What you should do: Below are records; reproduce exactly the lines from the one that has "Push Up Leggings" through the one that has "El agridulce triunfo", ends included, and nothing more.

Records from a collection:

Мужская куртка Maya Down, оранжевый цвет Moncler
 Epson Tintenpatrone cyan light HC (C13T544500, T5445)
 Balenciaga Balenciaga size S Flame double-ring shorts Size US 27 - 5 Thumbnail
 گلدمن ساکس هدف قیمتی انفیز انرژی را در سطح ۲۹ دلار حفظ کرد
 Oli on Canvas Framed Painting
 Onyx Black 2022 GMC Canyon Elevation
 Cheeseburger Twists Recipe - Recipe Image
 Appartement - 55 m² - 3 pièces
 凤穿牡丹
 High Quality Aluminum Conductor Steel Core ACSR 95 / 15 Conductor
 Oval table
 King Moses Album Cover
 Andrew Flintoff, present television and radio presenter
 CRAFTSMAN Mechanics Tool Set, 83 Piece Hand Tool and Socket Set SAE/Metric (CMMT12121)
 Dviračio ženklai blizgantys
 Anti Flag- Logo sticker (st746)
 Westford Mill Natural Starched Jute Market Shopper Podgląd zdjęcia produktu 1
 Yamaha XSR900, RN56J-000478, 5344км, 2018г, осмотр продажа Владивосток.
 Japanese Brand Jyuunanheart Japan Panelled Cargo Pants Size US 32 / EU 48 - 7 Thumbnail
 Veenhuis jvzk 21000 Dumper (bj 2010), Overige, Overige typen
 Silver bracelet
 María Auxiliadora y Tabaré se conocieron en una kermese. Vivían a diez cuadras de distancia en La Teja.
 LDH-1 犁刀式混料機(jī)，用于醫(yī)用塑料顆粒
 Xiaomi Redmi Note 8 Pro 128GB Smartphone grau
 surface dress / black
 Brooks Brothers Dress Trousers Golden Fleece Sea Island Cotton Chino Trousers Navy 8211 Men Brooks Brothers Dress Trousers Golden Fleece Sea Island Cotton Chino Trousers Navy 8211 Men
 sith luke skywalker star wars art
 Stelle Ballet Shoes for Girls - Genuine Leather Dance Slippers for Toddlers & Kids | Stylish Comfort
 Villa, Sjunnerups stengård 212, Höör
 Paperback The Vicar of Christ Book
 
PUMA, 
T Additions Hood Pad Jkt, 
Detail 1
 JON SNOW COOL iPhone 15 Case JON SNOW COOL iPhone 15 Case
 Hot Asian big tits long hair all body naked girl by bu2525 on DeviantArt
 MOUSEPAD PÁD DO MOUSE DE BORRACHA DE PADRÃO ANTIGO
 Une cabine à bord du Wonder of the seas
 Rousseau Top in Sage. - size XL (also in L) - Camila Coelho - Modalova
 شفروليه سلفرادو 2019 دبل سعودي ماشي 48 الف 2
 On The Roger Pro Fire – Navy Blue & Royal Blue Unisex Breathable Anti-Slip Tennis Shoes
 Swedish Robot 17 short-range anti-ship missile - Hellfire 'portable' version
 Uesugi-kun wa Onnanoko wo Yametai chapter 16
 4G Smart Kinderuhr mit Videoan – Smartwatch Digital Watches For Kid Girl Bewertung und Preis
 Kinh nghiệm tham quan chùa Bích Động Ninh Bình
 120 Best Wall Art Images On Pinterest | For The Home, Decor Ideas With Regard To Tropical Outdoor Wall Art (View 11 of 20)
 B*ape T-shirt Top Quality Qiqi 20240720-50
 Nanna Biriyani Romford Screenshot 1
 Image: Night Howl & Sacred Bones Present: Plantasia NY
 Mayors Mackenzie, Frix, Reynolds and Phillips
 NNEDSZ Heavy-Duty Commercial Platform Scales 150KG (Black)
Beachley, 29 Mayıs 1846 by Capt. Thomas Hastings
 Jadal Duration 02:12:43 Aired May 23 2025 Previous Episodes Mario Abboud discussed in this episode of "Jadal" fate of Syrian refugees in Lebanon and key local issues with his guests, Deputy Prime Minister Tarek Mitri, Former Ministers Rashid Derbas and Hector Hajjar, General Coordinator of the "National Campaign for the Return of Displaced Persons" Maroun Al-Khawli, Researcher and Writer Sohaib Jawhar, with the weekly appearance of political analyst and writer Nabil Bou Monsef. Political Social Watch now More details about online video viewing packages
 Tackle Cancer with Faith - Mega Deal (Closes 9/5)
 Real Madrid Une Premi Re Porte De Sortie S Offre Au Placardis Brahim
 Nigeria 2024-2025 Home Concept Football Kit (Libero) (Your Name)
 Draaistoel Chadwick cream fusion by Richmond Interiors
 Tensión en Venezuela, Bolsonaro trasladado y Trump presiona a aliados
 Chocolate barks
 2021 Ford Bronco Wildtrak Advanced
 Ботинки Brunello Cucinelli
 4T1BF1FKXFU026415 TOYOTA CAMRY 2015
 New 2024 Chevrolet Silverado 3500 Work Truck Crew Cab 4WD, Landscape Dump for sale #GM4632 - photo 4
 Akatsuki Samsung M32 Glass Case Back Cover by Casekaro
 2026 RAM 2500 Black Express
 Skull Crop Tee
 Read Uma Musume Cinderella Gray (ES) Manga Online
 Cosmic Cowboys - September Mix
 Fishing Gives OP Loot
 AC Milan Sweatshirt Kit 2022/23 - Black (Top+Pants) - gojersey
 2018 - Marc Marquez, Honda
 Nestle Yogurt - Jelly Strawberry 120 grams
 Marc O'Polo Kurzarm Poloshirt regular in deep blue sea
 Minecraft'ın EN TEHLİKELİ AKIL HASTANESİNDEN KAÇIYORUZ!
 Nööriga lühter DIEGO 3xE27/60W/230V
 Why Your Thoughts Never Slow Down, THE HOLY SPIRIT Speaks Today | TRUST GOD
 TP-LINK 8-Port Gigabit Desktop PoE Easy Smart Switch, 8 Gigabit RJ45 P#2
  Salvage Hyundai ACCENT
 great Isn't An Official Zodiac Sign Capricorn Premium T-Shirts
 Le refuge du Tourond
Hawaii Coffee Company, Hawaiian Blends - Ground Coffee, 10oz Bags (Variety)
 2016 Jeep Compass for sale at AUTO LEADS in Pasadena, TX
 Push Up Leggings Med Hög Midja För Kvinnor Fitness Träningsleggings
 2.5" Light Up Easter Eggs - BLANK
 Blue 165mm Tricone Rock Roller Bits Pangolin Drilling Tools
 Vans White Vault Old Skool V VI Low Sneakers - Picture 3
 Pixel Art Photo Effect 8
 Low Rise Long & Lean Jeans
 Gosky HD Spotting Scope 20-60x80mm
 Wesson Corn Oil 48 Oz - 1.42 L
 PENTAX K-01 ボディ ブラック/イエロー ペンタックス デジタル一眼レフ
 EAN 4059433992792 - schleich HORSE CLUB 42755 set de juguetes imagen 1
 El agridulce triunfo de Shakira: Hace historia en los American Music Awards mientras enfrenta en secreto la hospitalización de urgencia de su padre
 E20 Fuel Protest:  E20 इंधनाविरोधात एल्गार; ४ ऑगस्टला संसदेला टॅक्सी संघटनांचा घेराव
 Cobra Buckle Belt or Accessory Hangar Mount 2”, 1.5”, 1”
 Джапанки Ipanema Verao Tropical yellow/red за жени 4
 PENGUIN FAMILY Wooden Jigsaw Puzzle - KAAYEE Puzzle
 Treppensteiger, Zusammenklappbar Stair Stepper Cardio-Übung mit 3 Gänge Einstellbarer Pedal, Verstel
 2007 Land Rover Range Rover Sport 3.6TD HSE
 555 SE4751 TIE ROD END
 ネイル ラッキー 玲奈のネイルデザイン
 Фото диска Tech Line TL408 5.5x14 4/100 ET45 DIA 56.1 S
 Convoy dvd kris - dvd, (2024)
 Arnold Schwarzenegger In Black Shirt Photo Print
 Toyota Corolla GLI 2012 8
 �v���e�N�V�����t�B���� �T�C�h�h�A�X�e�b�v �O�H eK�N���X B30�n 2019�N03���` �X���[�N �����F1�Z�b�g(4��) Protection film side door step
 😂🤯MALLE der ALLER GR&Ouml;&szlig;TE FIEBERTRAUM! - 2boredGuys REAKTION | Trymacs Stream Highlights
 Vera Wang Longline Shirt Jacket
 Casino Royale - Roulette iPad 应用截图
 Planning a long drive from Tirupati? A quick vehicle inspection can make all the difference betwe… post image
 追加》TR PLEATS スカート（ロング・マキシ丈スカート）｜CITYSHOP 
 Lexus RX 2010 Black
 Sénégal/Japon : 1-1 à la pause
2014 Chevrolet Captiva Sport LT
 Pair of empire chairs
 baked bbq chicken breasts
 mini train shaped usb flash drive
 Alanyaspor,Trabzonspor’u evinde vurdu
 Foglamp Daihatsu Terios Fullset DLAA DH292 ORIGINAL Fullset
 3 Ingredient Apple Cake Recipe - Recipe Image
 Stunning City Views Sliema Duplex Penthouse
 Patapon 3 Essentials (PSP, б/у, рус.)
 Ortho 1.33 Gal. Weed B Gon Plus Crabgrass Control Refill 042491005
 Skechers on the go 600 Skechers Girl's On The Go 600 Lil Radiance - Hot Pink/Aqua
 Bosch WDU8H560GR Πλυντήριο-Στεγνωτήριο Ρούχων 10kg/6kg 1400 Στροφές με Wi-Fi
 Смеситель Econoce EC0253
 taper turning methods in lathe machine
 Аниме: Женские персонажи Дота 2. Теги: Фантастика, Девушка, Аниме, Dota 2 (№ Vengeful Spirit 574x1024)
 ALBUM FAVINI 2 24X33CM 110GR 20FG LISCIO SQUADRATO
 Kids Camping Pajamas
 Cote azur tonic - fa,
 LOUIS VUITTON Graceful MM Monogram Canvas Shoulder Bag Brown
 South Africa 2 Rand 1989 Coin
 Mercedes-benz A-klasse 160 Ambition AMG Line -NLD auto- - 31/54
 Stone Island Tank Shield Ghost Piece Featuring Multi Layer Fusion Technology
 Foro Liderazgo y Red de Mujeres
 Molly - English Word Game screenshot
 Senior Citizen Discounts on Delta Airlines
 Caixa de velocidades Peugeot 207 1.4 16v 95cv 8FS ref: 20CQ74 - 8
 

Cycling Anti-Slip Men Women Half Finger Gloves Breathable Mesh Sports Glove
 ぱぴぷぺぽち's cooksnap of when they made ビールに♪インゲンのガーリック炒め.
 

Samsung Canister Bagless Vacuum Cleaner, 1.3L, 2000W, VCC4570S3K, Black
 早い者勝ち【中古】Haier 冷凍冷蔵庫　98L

Completed exercise:
 Push Up Leggings Med Hög Midja För Kvinnor Fitness Träningsleggings
 2.5" Light Up Easter Eggs - BLANK
 Blue 165mm Tricone Rock Roller Bits Pangolin Drilling Tools
 Vans White Vault Old Skool V VI Low Sneakers - Picture 3
 Pixel Art Photo Effect 8
 Low Rise Long & Lean Jeans
 Gosky HD Spotting Scope 20-60x80mm
 Wesson Corn Oil 48 Oz - 1.42 L
 PENTAX K-01 ボディ ブラック/イエロー ペンタックス デジタル一眼レフ
 EAN 4059433992792 - schleich HORSE CLUB 42755 set de juguetes imagen 1
 El agridulce triunfo de Shakira: Hace historia en los American Music Awards mientras enfrenta en secreto la hospitalización de urgencia de su padre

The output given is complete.